Something Borrowed – Intertextual characterization

In his article “Interfigurality” (1991) Wolfgang G. Müller presents a widely applicable theory of transtextual characters showing how literary characters gain depth and resonance by sharing elements with characters in other works. Accordingly, ‘interfigurality’ refers to the intertextual fragments of characters or to intertextual markers manifesting through characters. Müller’s theory could also be used to analyze the complex characterization in visual narratives such as Penny Dreadful and the series’ pastiche-like combination of original characters from very diverse pre-texts to new creations (mashup characters). Additionally, the series is based on character combinations, where familiar figures from different pre-texts are brought together and made to interact with each other. According to Müller, the clearest type of interfigural reference is contributed by the names of characters related. Names are also the most obvious device of relating characters of several heterogeneous sources in Penny Dreadful. As mentioned earlier, Dr. Alexander Sweet, for example, is a contamination of three different mythical figures: Dracula, the Devil and the Egyptian god Amun-Ra. Now Dr. Sweet cannot be simply interpreted as an amalgamation of these three mythic figures, as Dracula is the primary model for Dr. Sweet, whereas the other two figures seem subordinate to Dracula/Dr. Sweet. Braided together with these two figures Dracula/Dr. Sweet is not only provided with backstory. Simultaneously, he is woven into a bigger mythology surrounding the Devil and Amun-Ra contributing to build up Penny Dreadful’s own fictional world and complex mythology. Such mashups of re-used characters can be considered as an extreme type of interfigurality, in Müller’s conception, which emerges “whenever a literary figure is extricated from its original fictional context and inserted into a new fictional context” (107). In other words, mashups can be considered as a deviation technique meant to undermine original figures – meaning that characters re-emerging in later works are more than just duplicates as they are “marked by a characteristic tension between similarity and dissimilarity with their models from the pre-texts” (Müller 109).

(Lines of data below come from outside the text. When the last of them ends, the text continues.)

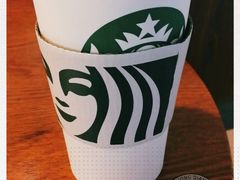 -星巴克(南京新百店)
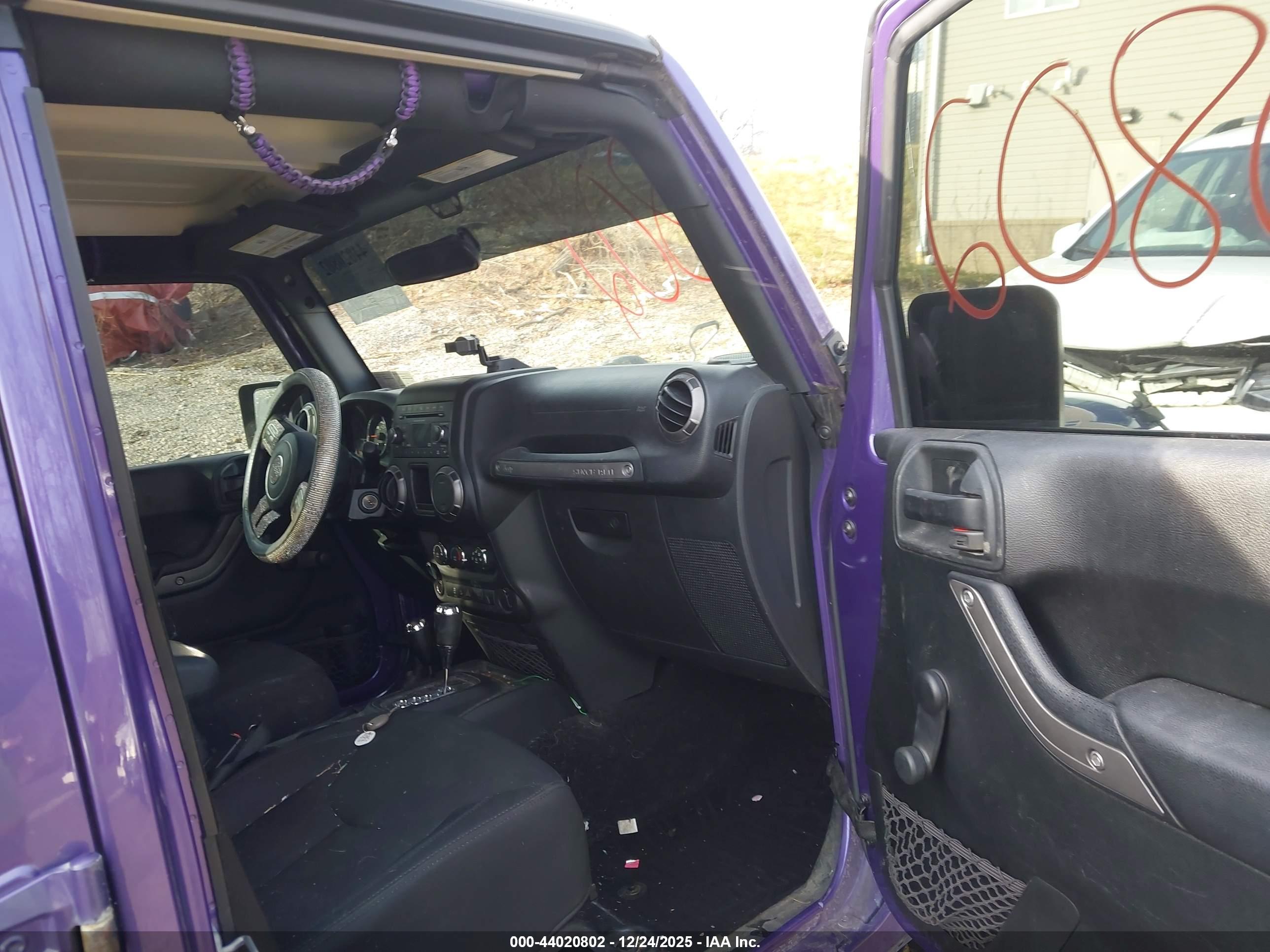 JEEP WRANGLER image 5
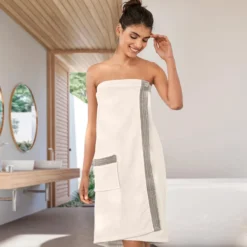 Sauna-Sarong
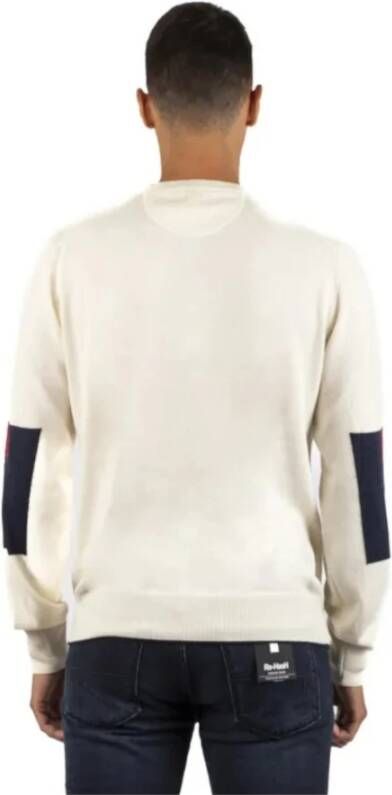 LA MARTINA Jeans Wit Heren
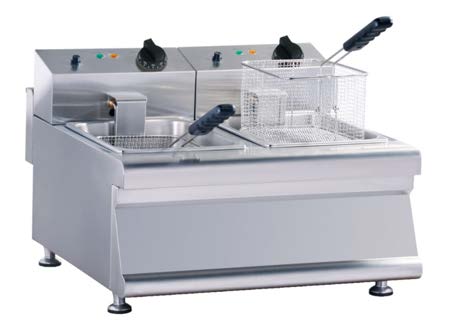 Electric Fryer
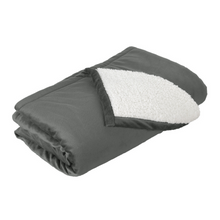 Sherpa Throw Blanket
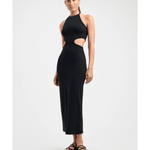 Alia Midi Dress - Endless - UAE Rental and Resale for Women's Fashion
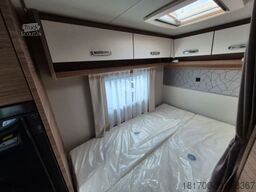 Weinsberg CaraSuite 650 MF **2026**140*350kg*ISOFIX f. 2*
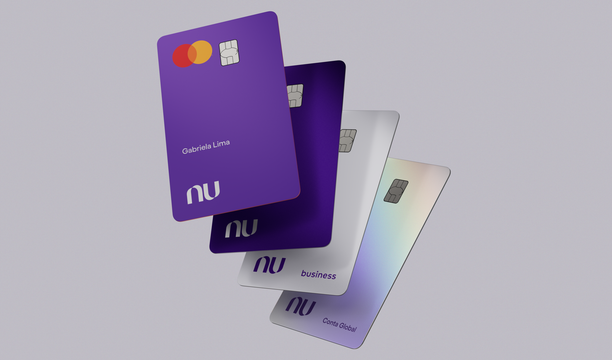 Provisões disparam 33% com Nubank acelerando no crédito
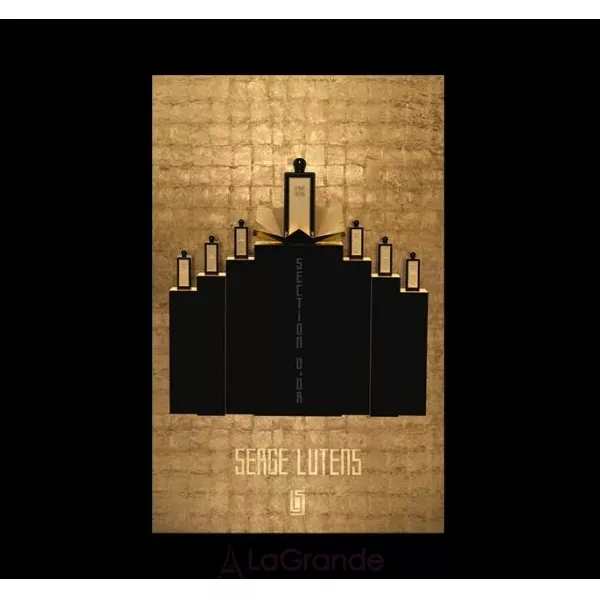 Serge Lutens Cannibale ����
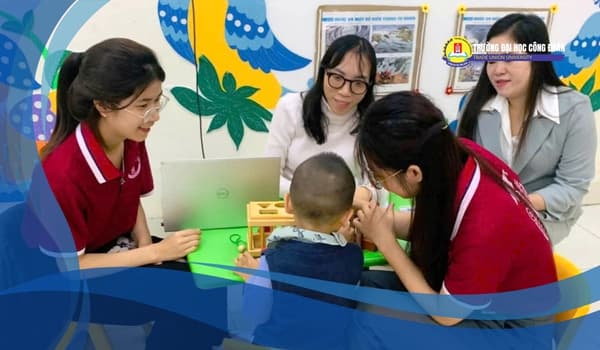 Featured image for: Nâng cao nhận thức cộng đồng về vai trò của nghề Công tác xã hội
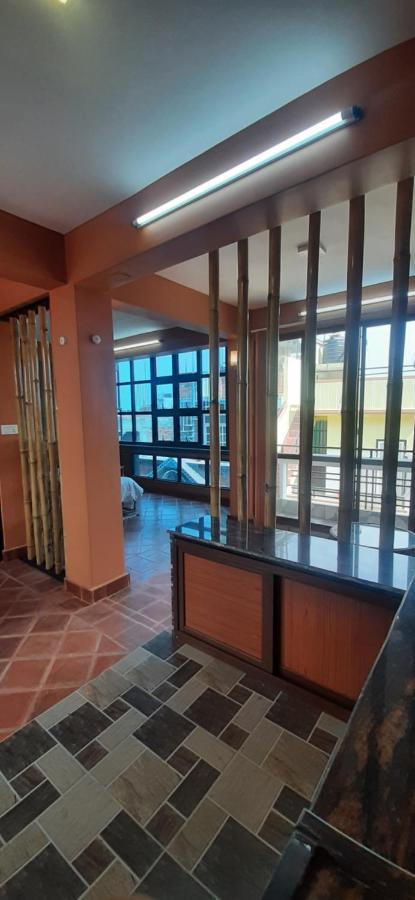 Looniva Guest House Lalitpur Exterior photo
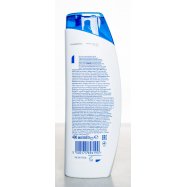 Шампунь Head & Shoulders Лёд Арктики против перхоти 400мл Image - 3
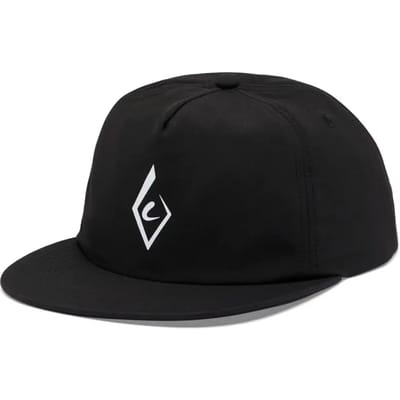 Black Diamond Synthetic Surf Pet Zwart Man,Vrouw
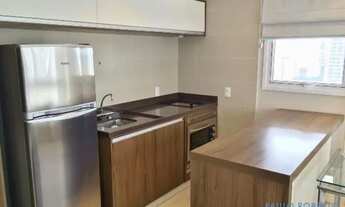 Imagem 5: APARTAMENTO - VILA OLÍMPIA - SP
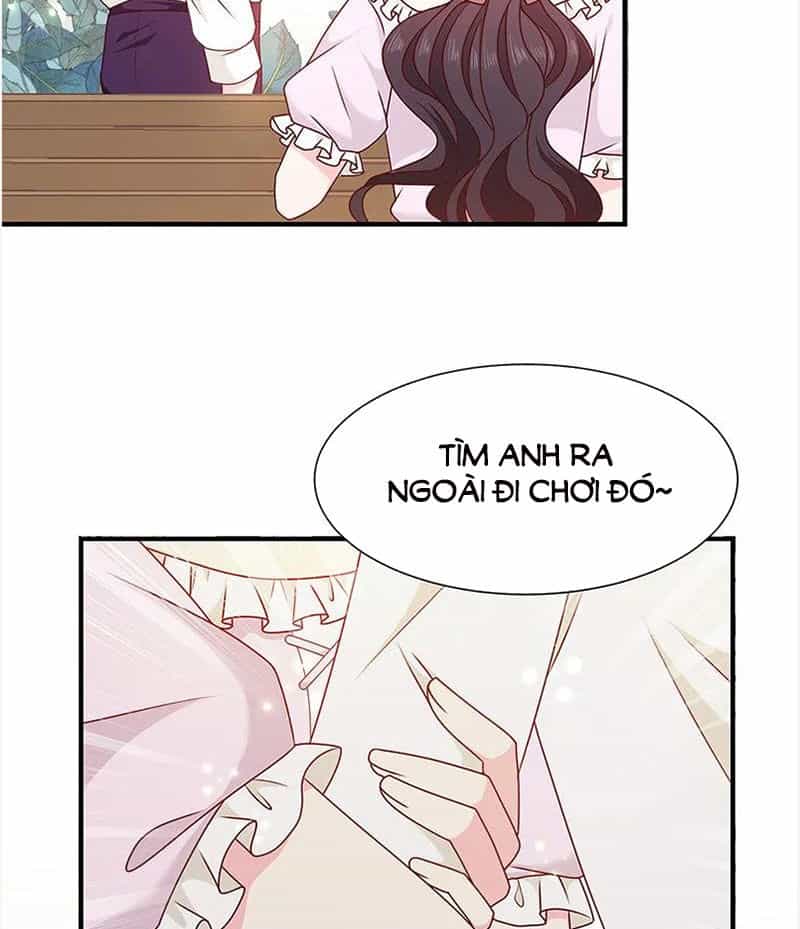 Ác Ma Đừng Hôn Tôi - Chương 130 - ảnh 9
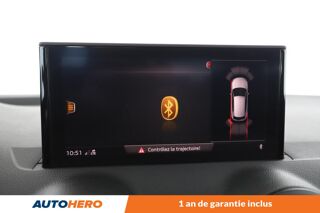 Q2 1.4 TFSI COD S line S tronic 150 ch 2016 occasion 92130 Issy-les-Moulineaux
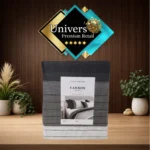 Juego de Sábanas Cannon Home 200 Hilos King (2.5 Plazas) – Boking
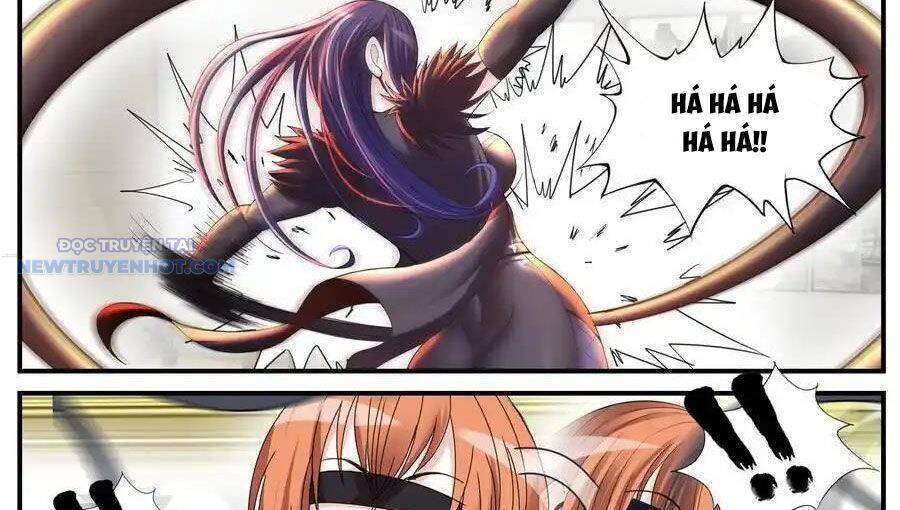 Ta Có Một Tòa Mạt Thế Mê Cung - Chapter 455 - Page 17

Mashup characters share several attributes, prominent traits, and large and complex story elements (such as fragments of storyworlds and environments) with diverse characters in other works. Through John Logan’s intertextual characterization, i.e. the intertextual links manifesting through blending characters, he plays with audience’s prior cultural knowledge, adding complexity and psychological depth to each of the series’ mashup characters by absorbing them “into the formal and ideological structure of his own product, putting [them] into his own uses” (Müller 107). Accordingly, a mashup character’s degree of complexity depends on it being recognized by viewers as something familiar and antecedent. In other words it should be considered as a re-used slightly distorted character where names provide clues for further interfigural links, encouraging viewers’ memory to make connections between different characters and different stories. Thus, intertextual characterization is rooted in cognitive processes of the viewer and, therefore, the mashup character is not just a bundle of traits based on different textual data. They are also mental constructions based on viewers’ knowledge and previous experiences of other texts and characters from which mashups draw much of their appeal and content.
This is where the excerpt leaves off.